THE TINTINNABULATION* OF
BELLS, BELLS, BELLS
In the early 1700s the
bell was the primary instrument used to call people together
… gathering children for school
…assembling the congregation
…alerting citizens to danger
…announcing important news
…celebrating events
TGIM INDEPENDENCE DAY ACTION IDEA: In this
first-Monday-of-July-2013 TGIM I’m suggesting that this coming
Thursday we join the national effort to revive the tradition of –
Ringing bells on the Fourth of July.
Normally I encourage you to take some time in the course of your July 4 celebration to join me and actually read – perhaps even aloud, with some kids – and discuss the words and some specifics of the Declaration of Independence.
And I still do.
You’ll find an easy-on-the-eyes copy to print out here. And in that National Archives online neighborhood you’ll
also find authoritative background material and an add-your-signature document that gives me a bit of a thrill when I make my annual re-discovery
of it.
We make the holiday a
bell ringer.
As you may know, the Liberty Bell of Philadelphia fame is
engraved with the words –
“Proclaim LIBERTY
throughout all the Land
unto all the inhabitants thereof.”
This idea is central to an initiative spearheaded by No Greater Love, an American
humanitarian, non-profit organization founded in 1971. Other supporters range
across a wide spectrum including baseball teams, fire fighters, the National
Cartoonists Society, and Iron Workers and Sheet Metal Workers Unions along with
other AFL-CIO Affiliates.
Their stated purpose:
“To resurrect the American tradition of citizens
celebrating our freedom and marking of our freedom the 237th Anniversary of the
signing of the Declaration of Independence.
“Fifty years ago,” they
point out, “President John F. Kennedy
called for the ringing of bells every year on Independence Day, July 4th. We
forgot to keep this tradition going. Let's start it again!”
Sounds good to me.
Like the Fourth of July activities we’ve suggested in the past, bell-ringing
connects us to our forefathers by using the same instrument of freedom they
used to celebrate the founding of our nation to call our citizens together in
celebration of our freedom.
So here’s --
How to Participate: Ring a bell.
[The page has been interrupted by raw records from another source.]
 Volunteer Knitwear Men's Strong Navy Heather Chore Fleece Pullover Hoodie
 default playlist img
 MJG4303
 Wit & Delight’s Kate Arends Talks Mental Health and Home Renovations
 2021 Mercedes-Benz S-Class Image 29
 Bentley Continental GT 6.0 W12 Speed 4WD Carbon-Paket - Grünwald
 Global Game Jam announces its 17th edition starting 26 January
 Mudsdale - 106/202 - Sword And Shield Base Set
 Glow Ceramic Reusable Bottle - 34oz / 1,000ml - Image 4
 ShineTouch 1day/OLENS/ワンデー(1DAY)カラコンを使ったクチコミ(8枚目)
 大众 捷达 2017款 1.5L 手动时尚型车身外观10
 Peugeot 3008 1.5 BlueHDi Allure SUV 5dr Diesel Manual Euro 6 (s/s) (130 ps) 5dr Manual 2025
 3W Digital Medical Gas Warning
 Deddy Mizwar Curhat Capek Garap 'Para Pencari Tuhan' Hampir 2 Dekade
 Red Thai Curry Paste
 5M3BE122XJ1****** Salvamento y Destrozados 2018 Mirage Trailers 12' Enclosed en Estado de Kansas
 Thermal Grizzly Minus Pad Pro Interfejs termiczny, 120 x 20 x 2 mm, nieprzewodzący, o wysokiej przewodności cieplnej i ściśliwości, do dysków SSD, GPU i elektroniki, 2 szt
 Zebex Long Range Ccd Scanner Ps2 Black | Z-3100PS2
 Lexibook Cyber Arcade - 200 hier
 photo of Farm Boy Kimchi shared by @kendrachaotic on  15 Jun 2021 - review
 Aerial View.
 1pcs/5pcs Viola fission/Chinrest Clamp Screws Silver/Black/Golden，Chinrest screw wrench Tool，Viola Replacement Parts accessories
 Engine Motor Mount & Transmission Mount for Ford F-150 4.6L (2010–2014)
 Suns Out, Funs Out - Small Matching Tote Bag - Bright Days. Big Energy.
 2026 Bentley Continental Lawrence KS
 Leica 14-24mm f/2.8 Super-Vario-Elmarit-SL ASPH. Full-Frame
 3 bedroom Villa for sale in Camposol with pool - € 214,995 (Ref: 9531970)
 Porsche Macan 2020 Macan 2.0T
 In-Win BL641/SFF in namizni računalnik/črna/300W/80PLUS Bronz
Hand bells, cowbells, sleigh
bells, school bells, church bells, carillons, fire sirens, ship bells. If you don’t
have a bell, shake your keys or tap something on a glass to make it ring. It
doesn’t cost any money to participate.
When: July 4th at
2:00 p.m.
Where: Wherever you happen to be -- picnics, parades, boating,
sporting events, beach, shopping – as we said, wherever.
Want to ring the
actual Liberty Bell?
Well, you can’t.
It’s about that crack, among other issues.
We're guessing Mort Walker worked his National Cartoonists Society connections so Beetle Bailey could do what we can't. |
But in the spirit of
celebrating the Spirit of ’76, the National Parks Service, the current
caretaker of the Liberty Bell of legend, has the next best thing.
Proclaim LIBERTY.
Claim each of your unalienable rights.
Claim each of your unalienable rights.
As Dr. King reminded us in his “I have a dream” speech so
many years ago, “Now is the time to make real the promise of democracy.” Now is
always the time for “even though we face the difficulties of today and
tomorrow, I still have a dream.”
“… from every mountainside
let freedom ring."
Geoff Steck
Chief Catalyst
Alexander Publishing & Marketing
Chief Catalyst
Alexander Publishing & Marketing
P.S. Does
this ring a bell? *“Tintinnabulation” is the specific, lingering sound that
occurs after the bell has been struck. The word was invented by Edgar Allan Poe
and used in the first stanza of what has been characterized as his “last” poem:
The Bells. The bells of which he
wrote are thought to be those he heard from Fordham University's bell tower,
since Poe resided in the same Bronx neighborhood as that university. He also
frequently strolled about Fordham's campus.